• _Task goal_
Find the line containing "Blusa fluida y" in the listing below. Repeat it exactly, along with each following line up to and including the one containing "323 Gabriel #1-unit 201 — Photo 7".

• _Record excerpts_
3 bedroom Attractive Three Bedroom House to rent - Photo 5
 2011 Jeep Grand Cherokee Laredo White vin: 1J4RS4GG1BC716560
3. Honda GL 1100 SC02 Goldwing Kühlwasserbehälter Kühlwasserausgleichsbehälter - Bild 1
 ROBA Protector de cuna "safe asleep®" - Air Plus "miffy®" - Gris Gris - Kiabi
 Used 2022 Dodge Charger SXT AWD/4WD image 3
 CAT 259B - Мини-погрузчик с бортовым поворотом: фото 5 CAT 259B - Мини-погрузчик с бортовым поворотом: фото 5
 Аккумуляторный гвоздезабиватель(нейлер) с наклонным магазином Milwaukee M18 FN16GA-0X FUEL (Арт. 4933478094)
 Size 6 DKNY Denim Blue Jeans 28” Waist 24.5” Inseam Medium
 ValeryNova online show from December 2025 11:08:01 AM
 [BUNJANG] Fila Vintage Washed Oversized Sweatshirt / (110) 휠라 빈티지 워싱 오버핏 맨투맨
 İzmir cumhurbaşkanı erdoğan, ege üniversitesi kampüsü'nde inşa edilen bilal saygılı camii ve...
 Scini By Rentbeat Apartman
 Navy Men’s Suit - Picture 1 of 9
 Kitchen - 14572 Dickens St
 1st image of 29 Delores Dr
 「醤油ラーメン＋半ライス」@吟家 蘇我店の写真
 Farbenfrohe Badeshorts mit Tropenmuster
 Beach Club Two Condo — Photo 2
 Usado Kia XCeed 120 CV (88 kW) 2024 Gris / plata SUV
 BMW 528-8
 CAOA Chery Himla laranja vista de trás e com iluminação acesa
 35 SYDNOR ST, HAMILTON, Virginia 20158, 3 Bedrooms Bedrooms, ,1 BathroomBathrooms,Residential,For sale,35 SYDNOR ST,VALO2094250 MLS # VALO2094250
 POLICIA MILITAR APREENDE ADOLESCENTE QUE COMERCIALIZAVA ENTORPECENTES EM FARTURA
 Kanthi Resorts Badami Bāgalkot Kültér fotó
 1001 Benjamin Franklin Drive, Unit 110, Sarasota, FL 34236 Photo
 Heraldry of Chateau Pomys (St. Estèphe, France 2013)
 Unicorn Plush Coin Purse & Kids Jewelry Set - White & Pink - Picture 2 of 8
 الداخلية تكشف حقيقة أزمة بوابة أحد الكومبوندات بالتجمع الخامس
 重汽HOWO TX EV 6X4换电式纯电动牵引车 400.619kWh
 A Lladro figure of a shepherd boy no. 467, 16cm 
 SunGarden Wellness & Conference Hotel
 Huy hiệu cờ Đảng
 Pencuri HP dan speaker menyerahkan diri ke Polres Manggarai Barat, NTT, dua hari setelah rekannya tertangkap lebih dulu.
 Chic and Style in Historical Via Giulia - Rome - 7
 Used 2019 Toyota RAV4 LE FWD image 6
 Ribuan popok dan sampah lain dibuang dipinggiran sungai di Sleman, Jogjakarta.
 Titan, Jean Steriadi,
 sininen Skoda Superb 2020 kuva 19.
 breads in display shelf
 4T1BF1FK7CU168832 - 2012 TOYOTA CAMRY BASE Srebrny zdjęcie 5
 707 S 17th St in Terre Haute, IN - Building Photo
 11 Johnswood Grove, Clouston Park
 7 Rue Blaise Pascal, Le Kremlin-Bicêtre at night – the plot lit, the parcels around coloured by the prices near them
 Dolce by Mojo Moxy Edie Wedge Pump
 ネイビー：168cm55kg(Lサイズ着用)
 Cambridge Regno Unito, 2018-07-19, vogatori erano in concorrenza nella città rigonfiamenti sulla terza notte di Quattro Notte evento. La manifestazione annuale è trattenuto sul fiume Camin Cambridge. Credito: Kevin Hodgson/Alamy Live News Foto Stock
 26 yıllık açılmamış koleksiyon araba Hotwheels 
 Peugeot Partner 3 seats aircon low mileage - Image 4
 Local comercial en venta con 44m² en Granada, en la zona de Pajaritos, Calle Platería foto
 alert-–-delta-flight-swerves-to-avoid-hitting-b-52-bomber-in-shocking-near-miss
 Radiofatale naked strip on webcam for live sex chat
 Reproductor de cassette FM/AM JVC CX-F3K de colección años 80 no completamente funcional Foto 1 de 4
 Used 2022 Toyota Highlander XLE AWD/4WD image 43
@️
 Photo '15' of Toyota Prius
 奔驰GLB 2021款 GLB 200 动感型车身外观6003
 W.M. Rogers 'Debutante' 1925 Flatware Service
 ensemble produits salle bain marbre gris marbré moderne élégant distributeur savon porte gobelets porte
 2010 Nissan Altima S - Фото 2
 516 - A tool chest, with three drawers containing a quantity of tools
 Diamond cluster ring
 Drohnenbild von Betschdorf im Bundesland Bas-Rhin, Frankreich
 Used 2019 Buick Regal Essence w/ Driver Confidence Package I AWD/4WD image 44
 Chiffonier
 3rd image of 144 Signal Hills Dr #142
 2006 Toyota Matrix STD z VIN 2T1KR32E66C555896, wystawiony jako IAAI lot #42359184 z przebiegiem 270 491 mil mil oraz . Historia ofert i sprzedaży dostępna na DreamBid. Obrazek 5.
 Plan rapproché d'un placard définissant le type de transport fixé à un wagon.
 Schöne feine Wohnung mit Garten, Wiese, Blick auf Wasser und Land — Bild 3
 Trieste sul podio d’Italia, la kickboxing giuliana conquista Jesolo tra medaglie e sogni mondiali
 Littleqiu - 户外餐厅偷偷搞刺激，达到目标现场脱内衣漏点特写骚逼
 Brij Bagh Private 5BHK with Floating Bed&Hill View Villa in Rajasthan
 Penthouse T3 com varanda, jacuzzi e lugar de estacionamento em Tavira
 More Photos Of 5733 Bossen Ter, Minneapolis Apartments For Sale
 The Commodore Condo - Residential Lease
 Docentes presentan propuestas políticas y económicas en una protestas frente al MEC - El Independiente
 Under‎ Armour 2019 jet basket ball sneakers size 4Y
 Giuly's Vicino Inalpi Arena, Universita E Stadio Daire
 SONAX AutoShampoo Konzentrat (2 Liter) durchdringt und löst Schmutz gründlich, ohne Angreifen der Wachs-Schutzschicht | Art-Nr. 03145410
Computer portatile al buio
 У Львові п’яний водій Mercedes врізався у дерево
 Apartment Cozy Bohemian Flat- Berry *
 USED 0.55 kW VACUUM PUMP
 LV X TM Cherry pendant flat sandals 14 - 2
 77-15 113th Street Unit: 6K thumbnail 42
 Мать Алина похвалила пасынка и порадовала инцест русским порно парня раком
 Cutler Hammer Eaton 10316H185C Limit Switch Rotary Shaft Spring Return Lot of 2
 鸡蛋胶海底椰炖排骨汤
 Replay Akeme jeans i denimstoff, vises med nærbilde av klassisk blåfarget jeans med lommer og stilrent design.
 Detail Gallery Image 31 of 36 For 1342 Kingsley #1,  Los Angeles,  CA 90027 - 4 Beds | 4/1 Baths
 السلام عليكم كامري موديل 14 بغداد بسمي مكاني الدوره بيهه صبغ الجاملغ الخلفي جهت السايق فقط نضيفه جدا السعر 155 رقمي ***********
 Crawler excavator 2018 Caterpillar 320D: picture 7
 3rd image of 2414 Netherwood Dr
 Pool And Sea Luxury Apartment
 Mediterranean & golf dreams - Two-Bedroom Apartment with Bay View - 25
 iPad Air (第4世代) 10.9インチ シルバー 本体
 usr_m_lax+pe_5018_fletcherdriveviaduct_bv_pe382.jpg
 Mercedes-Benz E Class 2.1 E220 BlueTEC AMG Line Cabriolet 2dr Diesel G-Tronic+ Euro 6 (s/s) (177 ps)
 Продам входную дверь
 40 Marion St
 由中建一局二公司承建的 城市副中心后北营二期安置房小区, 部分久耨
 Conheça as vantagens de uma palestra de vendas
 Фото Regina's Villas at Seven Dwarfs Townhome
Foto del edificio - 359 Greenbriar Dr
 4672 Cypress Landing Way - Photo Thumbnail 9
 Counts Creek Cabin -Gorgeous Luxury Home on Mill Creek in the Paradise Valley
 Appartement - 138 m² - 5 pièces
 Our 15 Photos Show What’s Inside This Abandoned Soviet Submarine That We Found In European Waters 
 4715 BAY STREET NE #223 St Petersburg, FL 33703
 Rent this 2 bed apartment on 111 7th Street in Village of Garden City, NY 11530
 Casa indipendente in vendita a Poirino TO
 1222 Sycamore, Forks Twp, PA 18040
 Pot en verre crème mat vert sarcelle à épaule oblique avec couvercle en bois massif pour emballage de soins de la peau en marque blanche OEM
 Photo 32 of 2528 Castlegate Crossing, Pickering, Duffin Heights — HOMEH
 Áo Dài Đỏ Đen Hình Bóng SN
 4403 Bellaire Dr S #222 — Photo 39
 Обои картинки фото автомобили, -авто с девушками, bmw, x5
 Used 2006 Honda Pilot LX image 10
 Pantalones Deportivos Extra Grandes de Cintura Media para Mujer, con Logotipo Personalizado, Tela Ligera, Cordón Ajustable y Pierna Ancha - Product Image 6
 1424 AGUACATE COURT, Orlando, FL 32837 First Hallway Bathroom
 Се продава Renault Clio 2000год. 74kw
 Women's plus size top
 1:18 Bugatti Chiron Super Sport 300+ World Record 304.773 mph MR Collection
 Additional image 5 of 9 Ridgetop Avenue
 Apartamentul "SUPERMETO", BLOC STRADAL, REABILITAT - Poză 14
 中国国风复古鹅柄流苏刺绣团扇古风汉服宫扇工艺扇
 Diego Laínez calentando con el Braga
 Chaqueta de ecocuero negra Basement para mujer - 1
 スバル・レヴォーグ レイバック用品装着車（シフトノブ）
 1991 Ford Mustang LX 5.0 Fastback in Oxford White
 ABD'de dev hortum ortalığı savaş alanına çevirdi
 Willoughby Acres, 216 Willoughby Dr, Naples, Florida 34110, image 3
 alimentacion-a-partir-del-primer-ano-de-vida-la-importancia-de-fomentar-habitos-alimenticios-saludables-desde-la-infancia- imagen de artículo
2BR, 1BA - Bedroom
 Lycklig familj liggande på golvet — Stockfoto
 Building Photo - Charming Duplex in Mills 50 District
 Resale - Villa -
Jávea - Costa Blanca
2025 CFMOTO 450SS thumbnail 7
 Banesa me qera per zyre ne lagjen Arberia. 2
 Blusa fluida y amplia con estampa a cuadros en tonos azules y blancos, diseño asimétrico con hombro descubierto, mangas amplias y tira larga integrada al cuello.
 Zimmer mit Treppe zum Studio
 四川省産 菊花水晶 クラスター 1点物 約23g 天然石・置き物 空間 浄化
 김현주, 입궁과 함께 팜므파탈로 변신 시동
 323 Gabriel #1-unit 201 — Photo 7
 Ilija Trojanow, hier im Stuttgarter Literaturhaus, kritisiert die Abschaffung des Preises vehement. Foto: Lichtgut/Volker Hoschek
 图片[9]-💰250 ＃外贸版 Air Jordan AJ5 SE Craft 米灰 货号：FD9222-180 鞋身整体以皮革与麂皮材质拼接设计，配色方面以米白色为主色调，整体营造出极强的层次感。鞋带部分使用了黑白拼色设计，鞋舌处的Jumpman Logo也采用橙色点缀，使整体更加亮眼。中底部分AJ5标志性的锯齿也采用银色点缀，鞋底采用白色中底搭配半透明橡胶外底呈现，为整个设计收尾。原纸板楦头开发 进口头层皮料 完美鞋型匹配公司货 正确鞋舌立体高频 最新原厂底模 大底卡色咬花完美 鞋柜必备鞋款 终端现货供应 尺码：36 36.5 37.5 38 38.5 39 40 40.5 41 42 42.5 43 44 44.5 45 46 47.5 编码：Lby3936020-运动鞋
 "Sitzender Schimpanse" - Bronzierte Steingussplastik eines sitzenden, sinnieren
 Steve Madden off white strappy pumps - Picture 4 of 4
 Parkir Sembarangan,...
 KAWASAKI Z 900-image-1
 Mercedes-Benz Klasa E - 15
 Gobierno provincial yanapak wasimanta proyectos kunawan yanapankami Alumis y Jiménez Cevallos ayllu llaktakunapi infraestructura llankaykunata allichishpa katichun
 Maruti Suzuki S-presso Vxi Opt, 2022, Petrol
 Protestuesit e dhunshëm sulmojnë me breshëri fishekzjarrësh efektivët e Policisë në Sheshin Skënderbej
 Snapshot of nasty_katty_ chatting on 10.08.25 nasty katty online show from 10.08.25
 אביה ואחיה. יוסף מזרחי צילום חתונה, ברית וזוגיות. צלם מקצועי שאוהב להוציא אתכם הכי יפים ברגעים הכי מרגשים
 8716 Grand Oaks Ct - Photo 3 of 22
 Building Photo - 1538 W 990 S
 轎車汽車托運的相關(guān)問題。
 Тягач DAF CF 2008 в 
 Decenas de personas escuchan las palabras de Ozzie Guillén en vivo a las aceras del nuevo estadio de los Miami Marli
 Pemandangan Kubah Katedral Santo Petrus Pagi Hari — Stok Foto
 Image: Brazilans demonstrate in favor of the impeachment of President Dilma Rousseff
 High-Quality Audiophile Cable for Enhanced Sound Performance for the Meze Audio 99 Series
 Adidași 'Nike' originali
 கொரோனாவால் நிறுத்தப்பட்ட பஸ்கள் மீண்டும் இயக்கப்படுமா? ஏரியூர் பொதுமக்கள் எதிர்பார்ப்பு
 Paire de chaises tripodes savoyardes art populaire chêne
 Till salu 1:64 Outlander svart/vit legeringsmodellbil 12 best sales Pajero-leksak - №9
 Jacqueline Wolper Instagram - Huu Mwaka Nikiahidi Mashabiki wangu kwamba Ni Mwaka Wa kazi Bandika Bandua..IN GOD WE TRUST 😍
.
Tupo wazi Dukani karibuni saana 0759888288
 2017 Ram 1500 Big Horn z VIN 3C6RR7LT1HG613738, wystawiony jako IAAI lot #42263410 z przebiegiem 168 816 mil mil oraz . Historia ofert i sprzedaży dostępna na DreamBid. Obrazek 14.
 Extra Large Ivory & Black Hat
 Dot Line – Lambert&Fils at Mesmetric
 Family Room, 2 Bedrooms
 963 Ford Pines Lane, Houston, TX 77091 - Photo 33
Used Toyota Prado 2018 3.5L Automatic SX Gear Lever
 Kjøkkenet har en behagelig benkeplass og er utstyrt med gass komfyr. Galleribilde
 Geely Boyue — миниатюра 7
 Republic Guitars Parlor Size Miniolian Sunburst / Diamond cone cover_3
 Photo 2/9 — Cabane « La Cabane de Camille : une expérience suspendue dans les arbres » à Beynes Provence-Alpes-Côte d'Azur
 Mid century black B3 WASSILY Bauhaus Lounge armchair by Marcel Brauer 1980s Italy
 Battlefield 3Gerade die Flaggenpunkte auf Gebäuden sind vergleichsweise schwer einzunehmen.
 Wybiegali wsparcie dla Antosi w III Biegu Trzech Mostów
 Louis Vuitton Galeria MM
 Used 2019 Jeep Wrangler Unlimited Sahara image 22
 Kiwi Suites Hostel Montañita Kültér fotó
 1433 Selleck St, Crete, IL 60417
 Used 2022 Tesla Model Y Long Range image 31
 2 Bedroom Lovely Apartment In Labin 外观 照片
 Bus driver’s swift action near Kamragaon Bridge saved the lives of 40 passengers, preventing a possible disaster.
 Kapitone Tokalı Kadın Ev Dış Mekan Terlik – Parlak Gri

• _Written answer_
 Blusa fluida y amplia con estampa a cuadros en tonos azules y blancos, diseño asimétrico con hombro descubierto, mangas amplias y tira larga integrada al cuello.
 Zimmer mit Treppe zum Studio
 四川省産 菊花水晶 クラスター 1点物 約23g 天然石・置き物 空間 浄化
 김현주, 입궁과 함께 팜므파탈로 변신 시동
 323 Gabriel #1-unit 201 — Photo 7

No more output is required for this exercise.